The Compiler's Treatment of LINQ Syntax

When LINQ first became available, it was described as having a “lazy evaluation model”, meaning that a query would not actually be executed until you started to look at the result. Iterating through a result, for instance, would finally cause the query to actually run. This gives you the power to piece together a query over multiple statements before letting it execute.

Recently, I found that this abstraction can leak. I had a set of queries that were misbehaving, and it seemed that a bug would be reproducible in one set of queries but not in another, even though they were remarkably similar to each other in structure. The culprit was a big surprise: it turns out that the first ‘from’ clause in a query is treated differently from subsequent ‘from’ clauses. Although my project’s ‘from’ clauses were not implemented with side effects, an example that does use side effects best illustrates what is going on.
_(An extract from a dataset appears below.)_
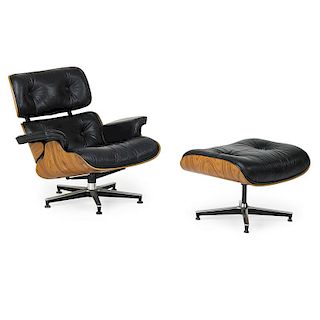 CHARLES AND RAY EAMES (Attr.) Lounge chair and ottoman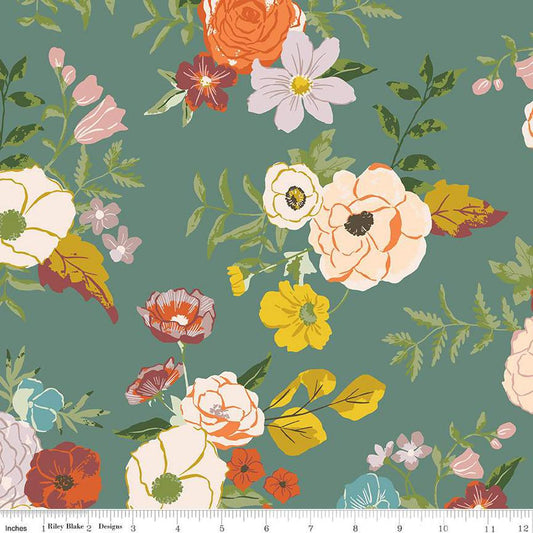 3-Yard cut- Winged Medley Floral WIDEBACK WB16140 Teal - Riley Blake Designs - 108" - Flowers - Quilting Cotton Fabric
Consider the following:

class Program
{
   static void Main()
   {
      var result = from x in FirstClause()
                     from y in SecondClause()
                     from z in ThirdClause()
                     select x + y;

      Console.WriteLine("Before Loop");

      foreach (var item in result)
            Console.WriteLine(item);

      Console.ReadLine();
   }

   private static IEnumerable<int> FirstClause()
   {
      Console.WriteLine("First Clause Side Effect");
      return new[] { 1 };
   }

   private static IEnumerable<int> SecondClause()
   {
      Console.WriteLine("Second Clause Side Effect");
      return new[] { 2 };
   }

   private static IEnumerable<int> ThirdClause()
   {
      Console.WriteLine("Third Clause Side Effect");
      return new[] { 3 };
   }
}

If we trusted the explanations of LINQ queries as having a lazy evaluation model, we would expect the output to be:

Before Loop
First Clause Side Effect
Second Clause Side Effect
Third Clause Side Effect
3

We expect this because we’re told that the query doesn’t start doing any work until we start iterating throught the results. Surprisingly, the actual output is:

First Clause Side Effect
Before Loop
Second Clause Side Effect
Third Clause Side Effect
3

Yikes. The SQL-like query syntax is an abstraction over plain old method calls, and that abstraction is leaking. To make sense of what is going on, it is helpful to know what the compiler does every time it encounters query syntax. Before the compiler even bothers to determine whether your query is actually valid, it performs a plain text transformation to a series of specially-nested method calls. Only after that plain text transformation will it actually determine whether the methods being called exist, that the arguments passed to them are of the right type, etc. ReSharper can actually perform that transformation for you. When we do that to the query above, we get the following:

var result =
    FirstClause()
      .SelectMany(x =>
        SecondClause(), (x, y) =>
          new { x, y }).SelectMany(@t => ThirdClause(), (@t, z) =>
            @t.x + @t.y);

A query with multiple ‘from’ clauses is transformed into a series of nested method calls. Lambda expressions are used to introduce a new local scope for the identifiers x, y, and z. SelectMany is an extension method, so the specific implementation is irrelevant during the plain text transformation. In other words, you can define the query syntax yourself, based on the type of the object you are selecting from (in this case, we’re using the default IEnumerable<T> implementation of SelectMany).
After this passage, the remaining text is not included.